━━━━━ RECORDED INFORMATION ━━━━━

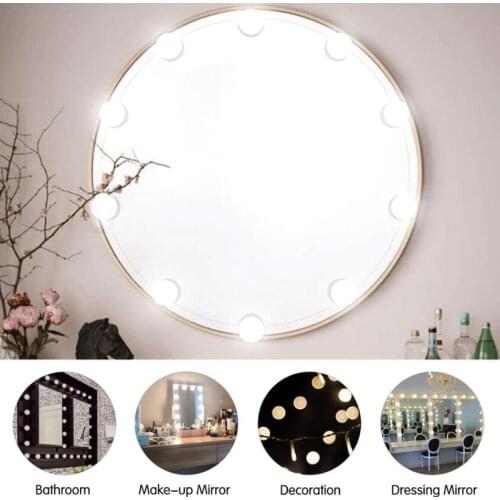 6/10/14pcs LED Bulb Makeup Mirror Lamp Portable Dimmable White Light Vanity Lights 5V USB Dressing Table Wall Lamp Mirror Light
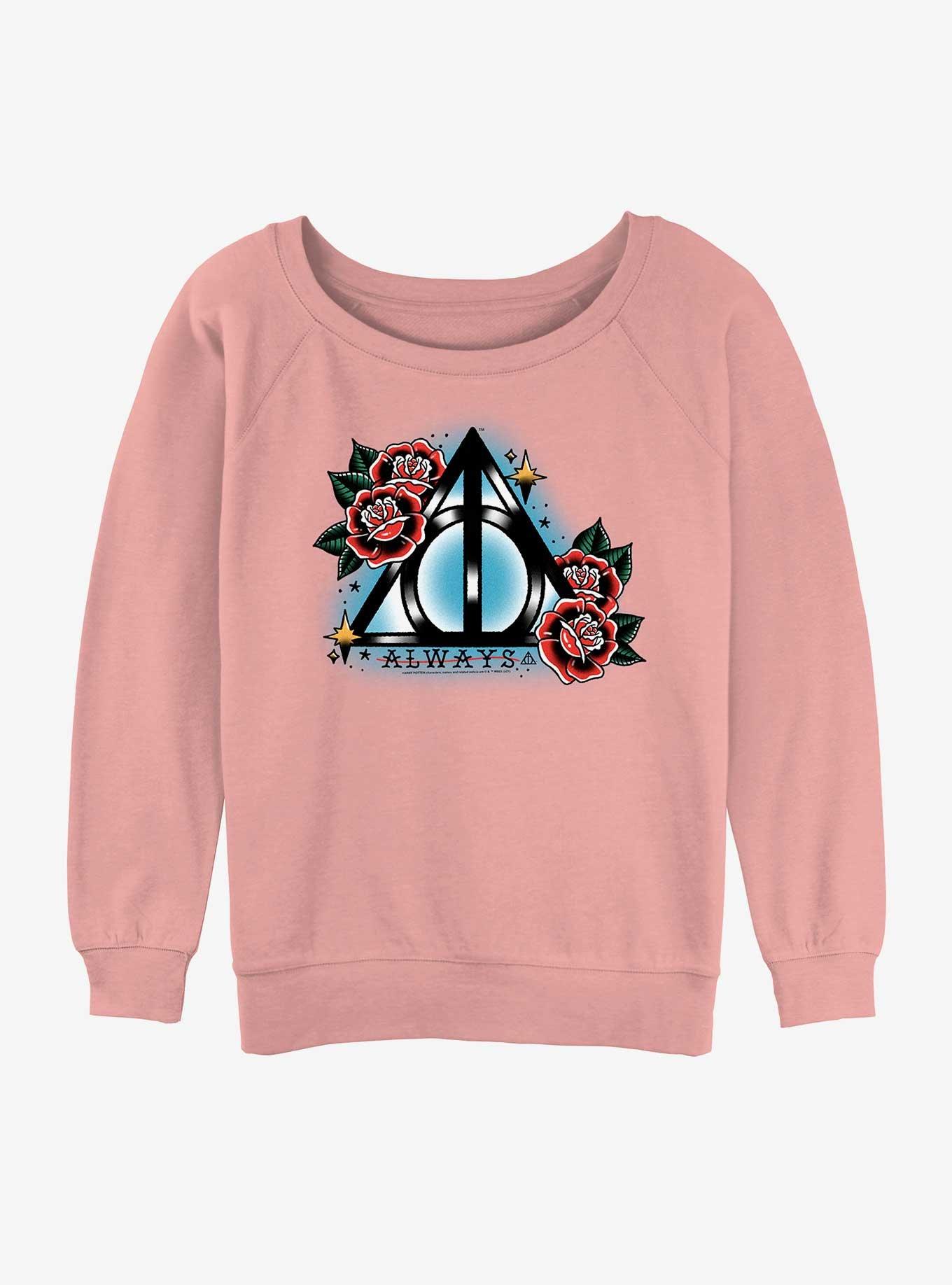 Harry Potter Deathly Hallows Womens Slouchy Sweatshirt, DESERTPNK, hi-res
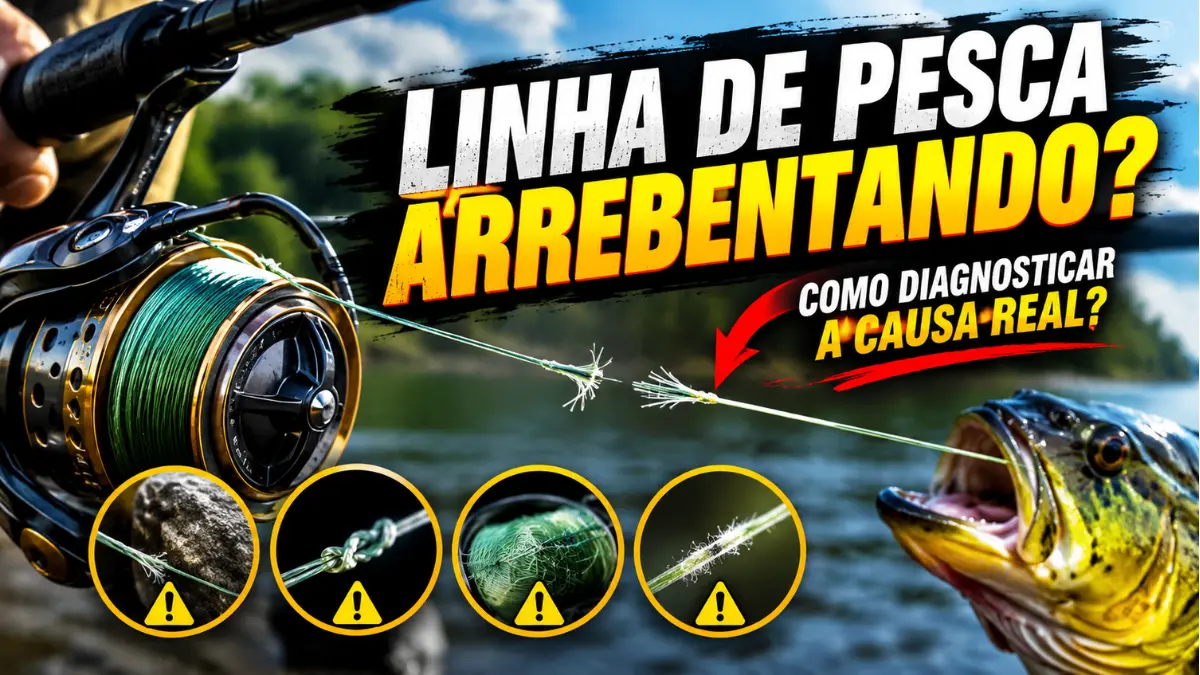 Linha de pesca arrebentando durante a pescaria e causas do rompimento.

━━━━━

* [WHAT THIS TASK INVOLVES]: With the pictures removed, write the listing out word for word.

* [TASK ANSWER]:
 6/10/14pcs LED Bulb Makeup Mirror Lamp Portable Dimmable White Light Vanity Lights 5V USB Dressing Table Wall Lamp Mirror Light
 Harry Potter Deathly Hallows Womens Slouchy Sweatshirt, DESERTPNK, hi-res
 Linha de pesca arrebentando durante a pescaria e causas do rompimento.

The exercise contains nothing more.